▸ Goal of the exercise
Transcribe the records below exactly as they appear, omitting any pictures.

▬▬▬▬▬▬

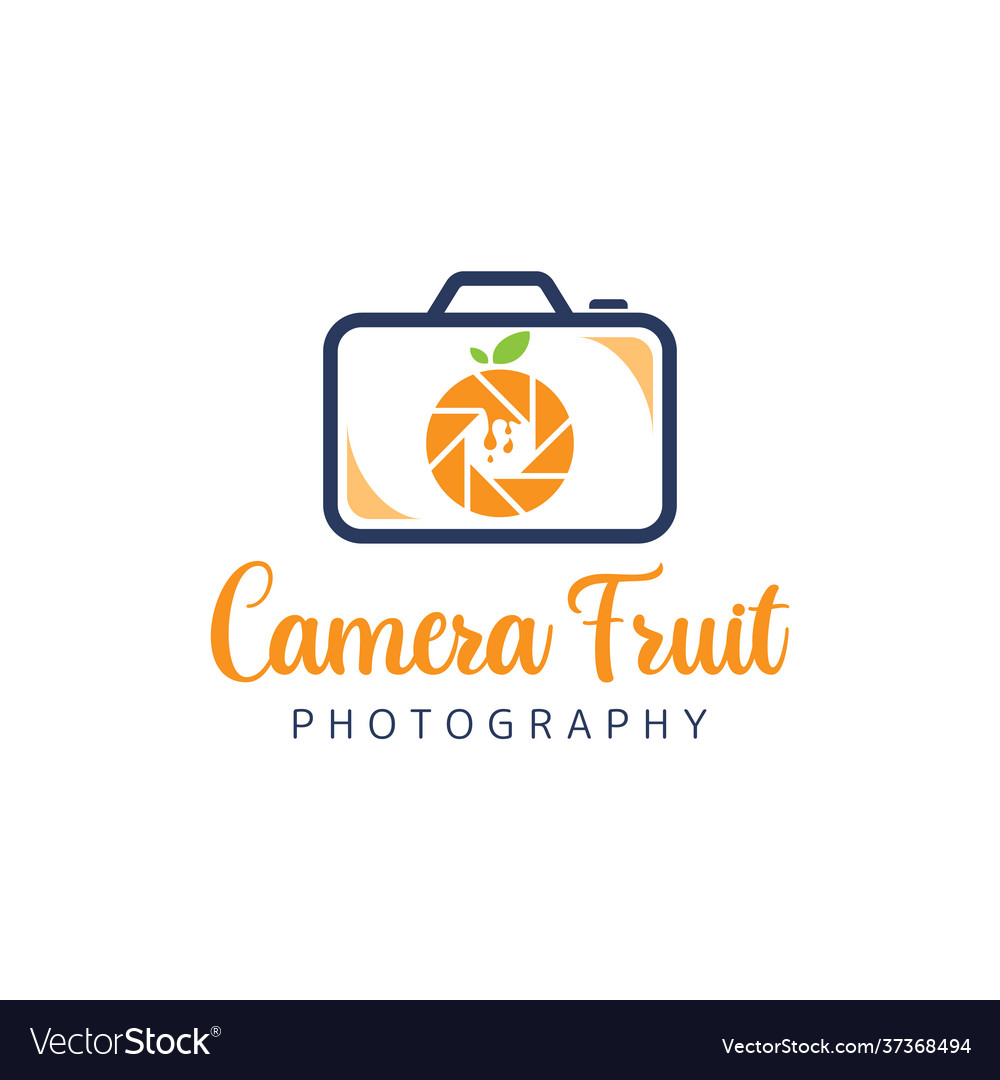 Abstract camera with a lens that is shape like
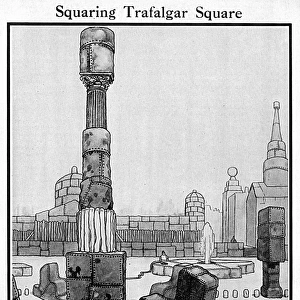 Squaring Trafalgar Square by Heath Robinson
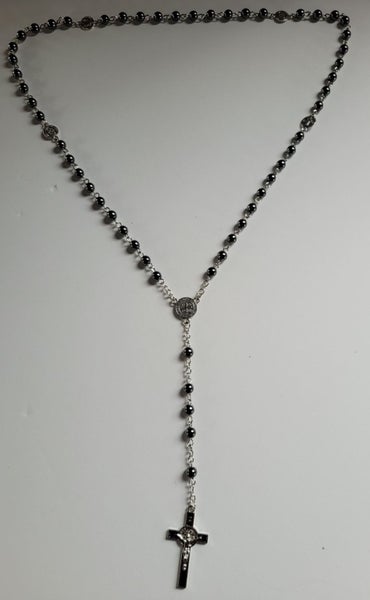 Rosary Beads Black Metal Mens Carousel 1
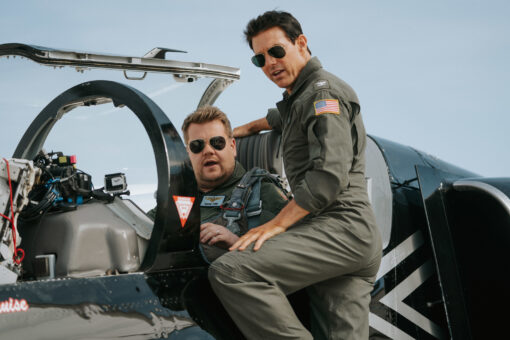 Tom Cruise takes James Corden on ‘terrifying’ flights ahead of ‘Top Gun: Maverick’ release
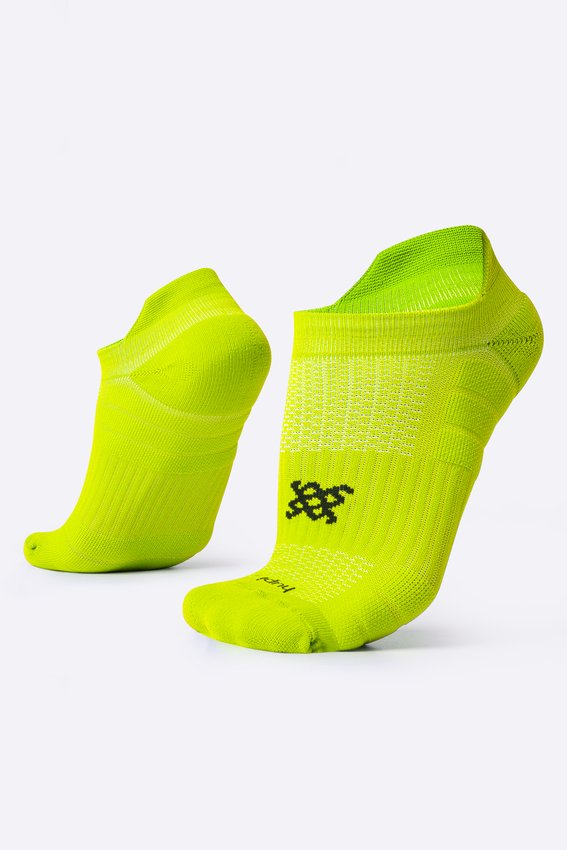 MEIA HUPI RUNNING PRO INVISIVEL AMARELO NEON COR: AMARELO.  TAM.: UNICO.  - HUPI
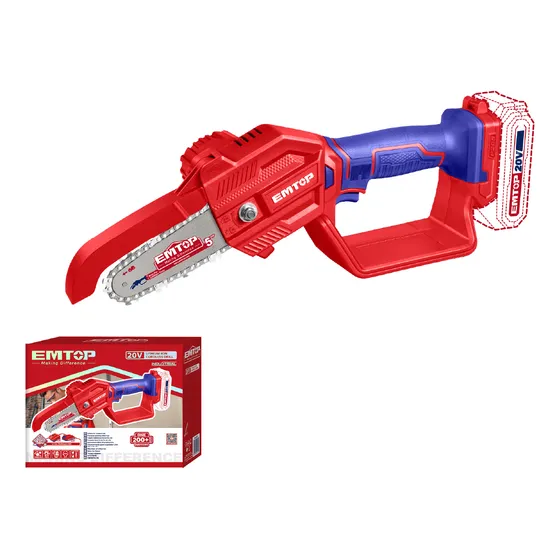Motosierra A Bateria 20v Emtop 5'' Elga2058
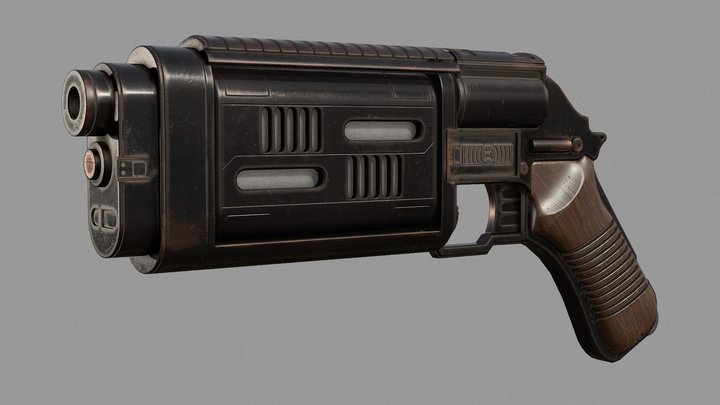 MW-20 Bryar Pistol 3D Model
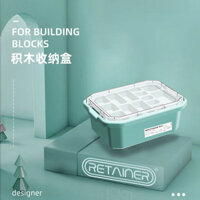 Hộp đựng bộ phận khối xây dựng đồ chơi, ngăn xếp, hộp lưu trữ LEGO, hộp đựng, hộp phân loại, hộp tổ chức, hộp mô hình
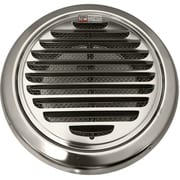 ミズカミ ガラリ ワールドステンレス丸型ガラリ ステンレスアミ付(10メッシュ)外羽根型 WRGDT-150P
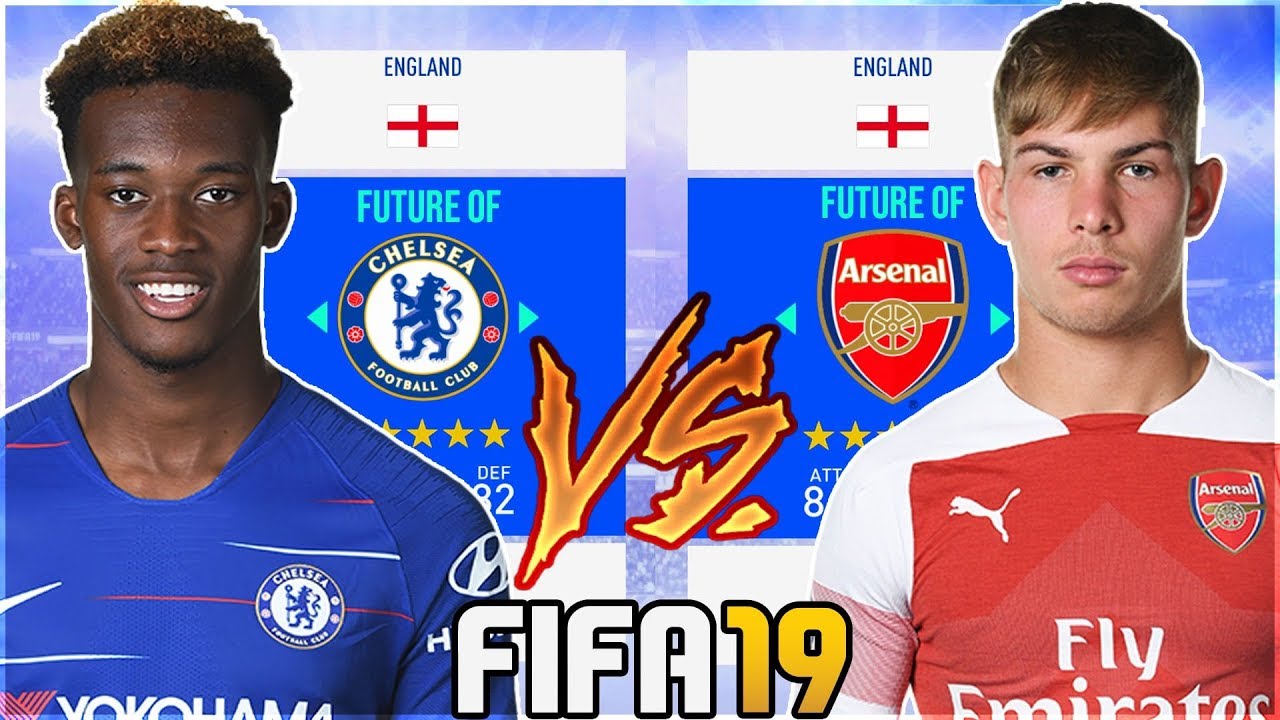 FUTURE CHELSEA XI vs FUTURE ARSENAL XI - FIFA 19 Experiment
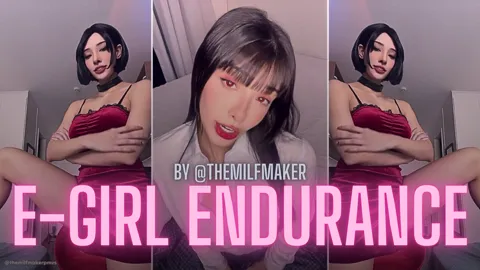 E-Girl Endurance | An NN Cosplay Stamina Trainer PMV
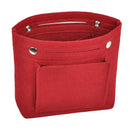 Axyaa Small Felt Organizer: Multi-Functional Cosmetic Bag for Handbag and Travel Essentials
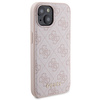 Zestaw Guess GUBPM5P15S4GEMGP iPhone15 6.1" hardcase + Powerbank 5000mAh MagSafe różowy/pink 4G Metal Logo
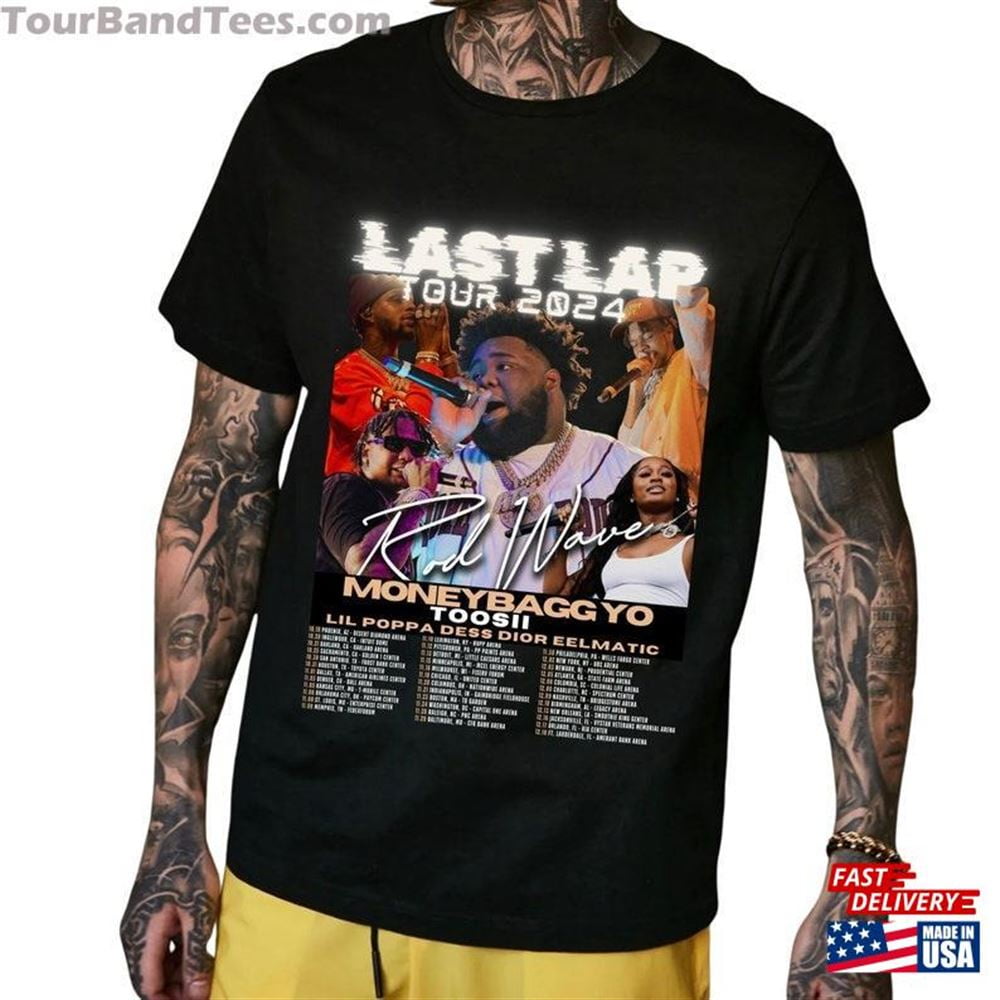 Rod Wave Last Lap Tour Shirt 2024 Concert Merch Unisex Graphic TShirt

▬▬▬▬▬▬

▸ Expected answer
 Abstract camera with a lens that is shape like
 Squaring Trafalgar Square by Heath Robinson
 Rosary Beads Black Metal Mens Carousel 1
 Tom Cruise takes James Corden on ‘terrifying’ flights ahead of ‘Top Gun: Maverick’ release
 MEIA HUPI RUNNING PRO INVISIVEL AMARELO NEON COR: AMARELO.  TAM.: UNICO.  - HUPI
Motosierra A Bateria 20v Emtop 5'' Elga2058
 MW-20 Bryar Pistol 3D Model
 Hộp đựng bộ phận khối xây dựng đồ chơi, ngăn xếp, hộp lưu trữ LEGO, hộp đựng, hộp phân loại, hộp tổ chức, hộp mô hình
 ミズカミ ガラリ ワールドステンレス丸型ガラリ ステンレスアミ付(10メッシュ)外羽根型 WRGDT-150P
 FUTURE CHELSEA XI vs FUTURE ARSENAL XI - FIFA 19 Experiment
 E-Girl Endurance | An NN Cosplay Stamina Trainer PMV
 Axyaa Small Felt Organizer: Multi-Functional Cosmetic Bag for Handbag and Travel Essentials
 Zestaw Guess GUBPM5P15S4GEMGP iPhone15 6.1" hardcase + Powerbank 5000mAh MagSafe różowy/pink 4G Metal Logo
 Rod Wave Last Lap Tour Shirt 2024 Concert Merch Unisex Graphic TShirt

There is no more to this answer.